Les députés devaient reprendre l’examen du projet de loi ouvrant sur l’aide à mourir ce lundi 11 juin, et voter le texte le 18 juin. La dissolution de l'Assemblée nationale rebat les cartes. L'avenir du texte dépend désormais que la nouvelle composition de l'hémicycle et de la volonté des députés de le mettre sur la table.

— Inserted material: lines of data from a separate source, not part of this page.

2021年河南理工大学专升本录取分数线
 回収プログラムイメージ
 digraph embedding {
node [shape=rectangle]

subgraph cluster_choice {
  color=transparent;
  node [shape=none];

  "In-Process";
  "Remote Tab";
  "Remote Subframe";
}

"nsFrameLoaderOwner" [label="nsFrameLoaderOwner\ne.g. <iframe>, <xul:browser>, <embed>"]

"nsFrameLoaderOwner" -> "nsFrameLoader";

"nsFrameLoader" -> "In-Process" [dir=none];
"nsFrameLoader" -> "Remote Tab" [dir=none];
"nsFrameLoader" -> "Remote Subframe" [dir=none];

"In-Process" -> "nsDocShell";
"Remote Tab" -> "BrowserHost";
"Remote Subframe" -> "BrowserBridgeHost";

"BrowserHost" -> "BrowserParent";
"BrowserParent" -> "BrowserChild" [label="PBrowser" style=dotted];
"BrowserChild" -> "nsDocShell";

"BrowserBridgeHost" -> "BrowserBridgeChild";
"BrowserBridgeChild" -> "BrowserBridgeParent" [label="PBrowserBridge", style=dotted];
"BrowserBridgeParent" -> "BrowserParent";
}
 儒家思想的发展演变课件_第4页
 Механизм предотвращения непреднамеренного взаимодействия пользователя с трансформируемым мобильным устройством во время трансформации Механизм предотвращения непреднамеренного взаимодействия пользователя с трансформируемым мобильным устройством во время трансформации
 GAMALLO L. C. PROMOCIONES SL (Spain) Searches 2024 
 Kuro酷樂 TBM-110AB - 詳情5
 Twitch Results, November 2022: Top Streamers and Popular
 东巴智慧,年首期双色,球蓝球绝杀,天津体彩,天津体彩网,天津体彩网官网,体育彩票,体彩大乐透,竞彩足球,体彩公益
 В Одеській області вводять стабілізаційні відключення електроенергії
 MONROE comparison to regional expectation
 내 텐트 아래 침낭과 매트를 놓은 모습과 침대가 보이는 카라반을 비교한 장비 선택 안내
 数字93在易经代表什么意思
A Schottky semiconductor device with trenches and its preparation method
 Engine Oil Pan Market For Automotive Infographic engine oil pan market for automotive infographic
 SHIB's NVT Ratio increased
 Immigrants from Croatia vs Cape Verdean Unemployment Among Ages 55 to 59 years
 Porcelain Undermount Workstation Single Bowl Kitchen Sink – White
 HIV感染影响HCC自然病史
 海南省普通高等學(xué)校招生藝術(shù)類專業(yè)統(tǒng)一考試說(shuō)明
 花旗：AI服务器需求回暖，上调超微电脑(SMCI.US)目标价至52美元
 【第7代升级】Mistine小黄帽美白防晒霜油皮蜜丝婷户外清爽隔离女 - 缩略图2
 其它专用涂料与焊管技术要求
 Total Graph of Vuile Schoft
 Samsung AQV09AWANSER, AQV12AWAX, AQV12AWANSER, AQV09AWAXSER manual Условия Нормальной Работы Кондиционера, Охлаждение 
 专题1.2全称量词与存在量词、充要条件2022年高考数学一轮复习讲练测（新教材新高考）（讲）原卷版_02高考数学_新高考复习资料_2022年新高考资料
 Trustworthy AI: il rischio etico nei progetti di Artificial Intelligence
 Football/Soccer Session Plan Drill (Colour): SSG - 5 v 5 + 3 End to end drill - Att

Retour à la case départ pour le projet de loi sur la fin de vie ? Alors que le vote du texte qui prévoyait de légaliser l’euthanasie et le suicide assisté, devait avoir lieu le 18 juin, son examen est stoppé net, à cause de la dissolution de l’Assemblée nationale. Tout le travail déjà réalisé s’évapore. Et son avenir dépend entièrement des prochaines élections législatives. Pour être à nouveau examiné, le texte devra être réinscrit à l’ordre du jour par le gouvernement, après le scrutin, et tout dépendra aussi de la nouvelle composition de l’Assemblée nationale.
"Une profonde déception"
Des perspectives floues, incertaines, qui inquiètent Laure Hubidos, présidente du Collectif National des Maisons de Vie. « Je ressens une profonde déception. En arriver là après des mois et des années de travail, de préparation acharnée, sans savoir quand ce projet sera repoussé et même s’il pourra voir le jour, je suis dépitée », confie-t-elle. En avril dernier, Laure Hubidos, fondatrice de la première maison de vie (structure qui propose une prise en charge pluridisciplinaire aux personnes en fin de vie) avait été auditionnée avec d’autres associations par la commission spéciale de l'Assemblée nationale qui travaillait sur le projet de loi relatif à l’accompagnement des malades et de la fin de vie. L’article 2 du projet de loi prévoit en effet de créer « une nouvelle catégorie d'établissement médico‑social dans le code de l'action sociale et des familles pour accueillir et accompagner les personnes en fin de vie et leur entourage, dénommée « maison d'accompagnement » ». Un concept lancé pour la première fois en France en 2011, à Besançon (Doubs), par Laure Hubidos, sous le nom de "maison de vie". L’article en question a été adopté par l’Assemblée nationale. Mais cela ne suffit pas. « Le vote global de la loi était nécessaire. À cause de la dissolution, c’est l’incertitude totale. Je suis inquiète et déçue. On va devoir repartir de zéro. Après 20 ans de bataille, je suis très déçue », regrette la présidente.
Quel avenir pour le texte ?
En effet, selon la réglementation du Parlement, la dissolution entraîne la fin d’une législature, rendant caducs tous les projets de loi en cours à l’Assemblée nationale. Ce projet de loi sur la fin de vie devra donc être redéposé par le nouveau gouvernement pour pouvoir être revu et/ou adopté. « On se mobilisera toujours. On va voir comment réenclencher les choses avec le ministère de la Santé, mais nous continuerons de nous battre pour défendre ce texte », conclut Laure Hubidos.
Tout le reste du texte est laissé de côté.